_What the task requires:_ Only these lines are needed: the first line of the entries below through the line with "VTG MCM Clear", each returned exactly.
-- Opening Marker --
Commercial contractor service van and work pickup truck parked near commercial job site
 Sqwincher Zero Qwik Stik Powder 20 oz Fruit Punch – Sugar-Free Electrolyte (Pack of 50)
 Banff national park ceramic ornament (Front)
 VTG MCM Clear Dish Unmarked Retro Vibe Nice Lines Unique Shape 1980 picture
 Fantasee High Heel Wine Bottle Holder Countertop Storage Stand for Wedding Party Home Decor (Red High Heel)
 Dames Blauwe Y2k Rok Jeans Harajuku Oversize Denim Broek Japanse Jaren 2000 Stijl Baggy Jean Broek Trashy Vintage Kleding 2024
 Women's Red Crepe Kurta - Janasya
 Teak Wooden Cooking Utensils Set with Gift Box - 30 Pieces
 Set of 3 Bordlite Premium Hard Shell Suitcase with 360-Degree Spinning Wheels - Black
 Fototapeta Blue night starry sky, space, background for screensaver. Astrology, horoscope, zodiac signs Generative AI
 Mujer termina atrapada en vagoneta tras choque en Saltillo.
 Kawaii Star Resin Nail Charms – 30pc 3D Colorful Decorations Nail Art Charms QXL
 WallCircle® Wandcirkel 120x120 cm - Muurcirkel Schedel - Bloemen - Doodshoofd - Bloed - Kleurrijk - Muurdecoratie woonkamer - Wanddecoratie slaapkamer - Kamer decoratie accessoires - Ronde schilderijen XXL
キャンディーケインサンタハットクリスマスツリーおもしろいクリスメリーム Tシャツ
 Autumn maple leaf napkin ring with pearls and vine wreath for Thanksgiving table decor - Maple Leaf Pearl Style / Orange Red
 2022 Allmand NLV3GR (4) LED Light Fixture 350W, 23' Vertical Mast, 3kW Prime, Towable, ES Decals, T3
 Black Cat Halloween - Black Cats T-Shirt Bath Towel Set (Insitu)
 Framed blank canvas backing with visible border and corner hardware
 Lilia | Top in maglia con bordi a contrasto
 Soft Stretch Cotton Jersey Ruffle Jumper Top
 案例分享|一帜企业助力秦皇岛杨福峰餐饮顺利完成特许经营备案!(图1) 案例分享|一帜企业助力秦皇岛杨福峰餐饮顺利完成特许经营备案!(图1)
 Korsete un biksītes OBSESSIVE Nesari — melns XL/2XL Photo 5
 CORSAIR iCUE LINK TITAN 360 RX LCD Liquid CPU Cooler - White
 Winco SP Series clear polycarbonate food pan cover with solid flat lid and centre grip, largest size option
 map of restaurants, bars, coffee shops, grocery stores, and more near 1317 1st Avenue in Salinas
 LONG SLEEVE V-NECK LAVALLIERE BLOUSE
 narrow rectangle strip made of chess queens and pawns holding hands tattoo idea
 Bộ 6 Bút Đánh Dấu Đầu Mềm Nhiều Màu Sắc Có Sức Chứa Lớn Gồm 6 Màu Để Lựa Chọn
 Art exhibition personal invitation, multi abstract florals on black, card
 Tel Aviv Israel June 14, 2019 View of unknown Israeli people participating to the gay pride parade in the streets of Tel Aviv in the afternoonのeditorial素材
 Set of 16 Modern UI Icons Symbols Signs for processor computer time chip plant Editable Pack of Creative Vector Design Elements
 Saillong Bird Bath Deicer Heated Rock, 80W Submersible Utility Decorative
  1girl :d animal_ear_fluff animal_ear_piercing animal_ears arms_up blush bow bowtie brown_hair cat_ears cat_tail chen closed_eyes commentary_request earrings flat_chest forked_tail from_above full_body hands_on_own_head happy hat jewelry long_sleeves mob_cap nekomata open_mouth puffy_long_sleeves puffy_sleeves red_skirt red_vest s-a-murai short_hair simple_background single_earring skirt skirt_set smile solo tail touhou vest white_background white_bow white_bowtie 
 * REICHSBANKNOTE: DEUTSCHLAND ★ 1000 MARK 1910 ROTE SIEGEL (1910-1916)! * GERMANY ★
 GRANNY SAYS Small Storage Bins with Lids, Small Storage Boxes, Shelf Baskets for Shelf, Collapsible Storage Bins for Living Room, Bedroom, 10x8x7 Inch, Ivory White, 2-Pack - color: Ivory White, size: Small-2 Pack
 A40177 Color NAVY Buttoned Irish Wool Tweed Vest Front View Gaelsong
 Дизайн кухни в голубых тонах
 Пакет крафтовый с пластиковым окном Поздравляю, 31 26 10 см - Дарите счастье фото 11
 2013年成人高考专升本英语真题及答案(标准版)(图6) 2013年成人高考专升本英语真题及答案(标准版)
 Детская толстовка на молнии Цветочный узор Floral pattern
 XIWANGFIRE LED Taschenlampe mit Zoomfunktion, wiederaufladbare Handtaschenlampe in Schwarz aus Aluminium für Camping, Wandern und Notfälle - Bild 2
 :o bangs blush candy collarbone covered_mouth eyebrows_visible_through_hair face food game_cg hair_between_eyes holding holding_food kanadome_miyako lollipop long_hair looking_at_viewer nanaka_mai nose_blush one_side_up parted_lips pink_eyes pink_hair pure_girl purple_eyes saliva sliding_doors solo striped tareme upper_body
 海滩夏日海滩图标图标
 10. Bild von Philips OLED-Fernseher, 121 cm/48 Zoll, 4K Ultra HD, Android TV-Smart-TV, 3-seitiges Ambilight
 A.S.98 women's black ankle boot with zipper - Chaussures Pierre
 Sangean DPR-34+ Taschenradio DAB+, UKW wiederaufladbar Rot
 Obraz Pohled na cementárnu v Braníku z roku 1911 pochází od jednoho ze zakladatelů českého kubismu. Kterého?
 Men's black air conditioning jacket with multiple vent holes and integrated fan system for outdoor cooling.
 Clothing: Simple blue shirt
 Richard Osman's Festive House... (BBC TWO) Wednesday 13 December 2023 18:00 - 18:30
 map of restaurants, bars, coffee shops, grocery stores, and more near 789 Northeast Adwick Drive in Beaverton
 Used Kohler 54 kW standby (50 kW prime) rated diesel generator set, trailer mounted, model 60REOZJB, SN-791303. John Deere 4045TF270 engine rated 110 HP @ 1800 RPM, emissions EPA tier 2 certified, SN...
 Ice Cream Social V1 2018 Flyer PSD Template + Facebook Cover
-- Closing Marker --
_Final answer:_
Commercial contractor service van and work pickup truck parked near commercial job site
 Sqwincher Zero Qwik Stik Powder 20 oz Fruit Punch – Sugar-Free Electrolyte (Pack of 50)
 Banff national park ceramic ornament (Front)
 VTG MCM Clear Dish Unmarked Retro Vibe Nice Lines Unique Shape 1980 picture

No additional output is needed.